1. Q01 Which countries/territories have more companies in this dataset?
1. Q02 Which are the top 10 countries/territories with more companies in this dataset?

### Basic methods to transform Data

In [None]:
import plotly.graph_objects as go
import pandas as pd
df = pd.read_csv('/kaggle/input/forbes-2020-global-2000-largest-public-companies/forbes_top_2000_world_largest_public_companies.csv')

Check the DataFrame's head to understand how are the data.

In [None]:
df.head()

We can check if any column there are some missing values using the **df.info()**. In this case, there aren't missing values, but if there are missing values we can use **df.isna().sum()** to see how many values are missing by columns.

In [None]:
df.info()

Let's start converting the fourthy columns that represent integer values, they are: Sales, profits, assets and market value.
For reasech this objective, we will create a map and convert the values to the correct.

In [None]:
m = {'K': 1000, 'M': 1000000, 'B': 1000000000, 'T': 1000000000000}
columns = ['sales', 'profits', 'assets', 'market_value']
def convert_value(row):
    values = []
    for column in columns:
        value = str(row[column]).replace(',', '').replace('$', '').split()
        values.append(float(float(value[0]) * m[value[-1]]))
    return values

Then we fill the columns with converted values. We can see dtype was changed from object to float, now we have numbers to work.

In [None]:
df['sales'], df['profits'], df['assets'], df['market_value'] = zip(*df.apply(convert_value, axis=1))

In [None]:
df.info()

### Let's grouping some values to plot graphs

To answer the first question: **Q01 Which countries/territories have more companies in this dataset?**, we will group the rows by column **contry/territory** using **df.groupby()** method.
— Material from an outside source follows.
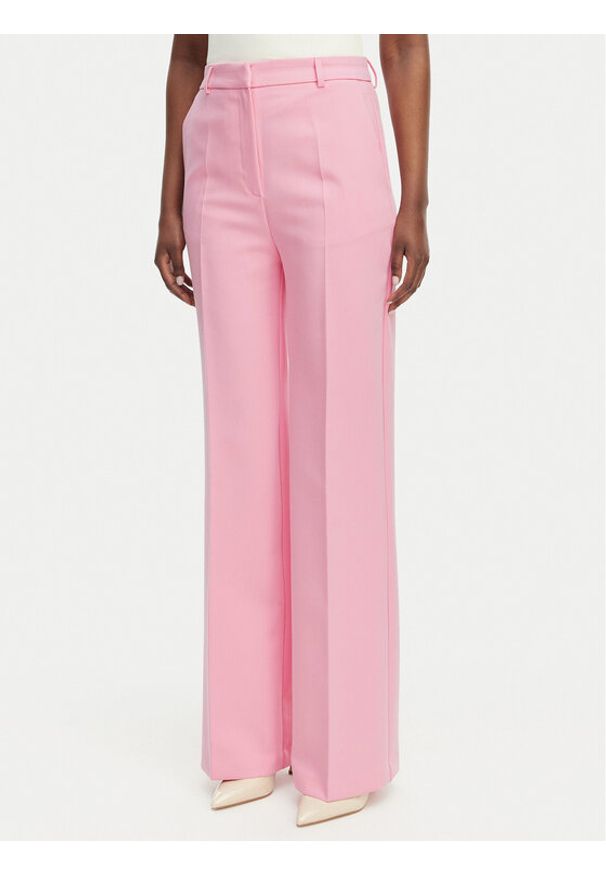 Morgan Spodnie materiałowe 261-PMAKI.F Różowy Regular Fit. Kolor: różowy. Materiał: syntetyk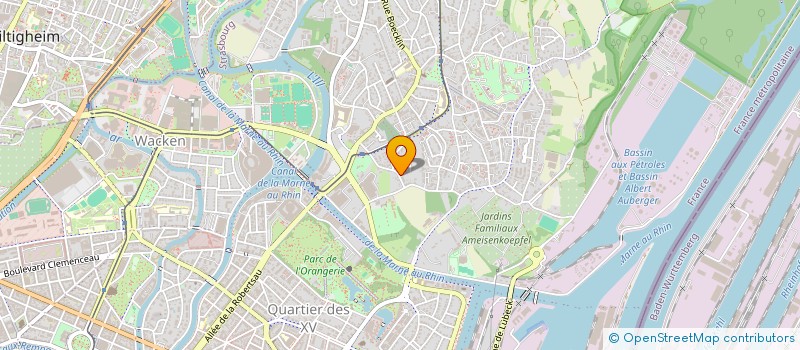 localisation de l'entreprise AD-OMNIA  STRASBOURG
We want figure out how many companies exist by column. 

This context shows us to use the **count()** method to count how many rows exist by countries/territories.
We will sort values from descending to ascending to highest country is on top, using **sort_values(by=['company'], ascending=False)**.

In [None]:
temp = df.groupby('contry/territory', as_index=False).count().sort_values(by=['company'], ascending=False)
temp.head()

Let's plot the top 10 companies in this dataset.

In [None]:
fig = go.Figure()

fig.add_trace(go.Bar(x=temp['contry/territory'][:10], y=temp['company'][:10], text=temp['company'][:10], textposition='auto'))

fig.show()

In [None]:
temp = df.groupby('contry/territory', as_index=False).sum().sort_values(by=['market_value'], ascending=False)
temp.head()

In [None]:
def human_format(num):
    value = 0
    while abs(num) >= 1000:
        value += 1
        num /= 1000.0
    return '%.2f%s' % (num, ['', 'K', 'M', 'G', 'T'][value])

In [None]:
fig = go.Figure()

fig.add_trace(go.Bar(x=temp['contry/territory'][:10], y=temp['market_value'][:10], text=temp['market_value'].apply(human_format)[:10], textposition='auto'))

fig.show()

This graph shows us UK and CA lost their positions, that's mean there are other countries with companies' values and the how many didn't important in this case.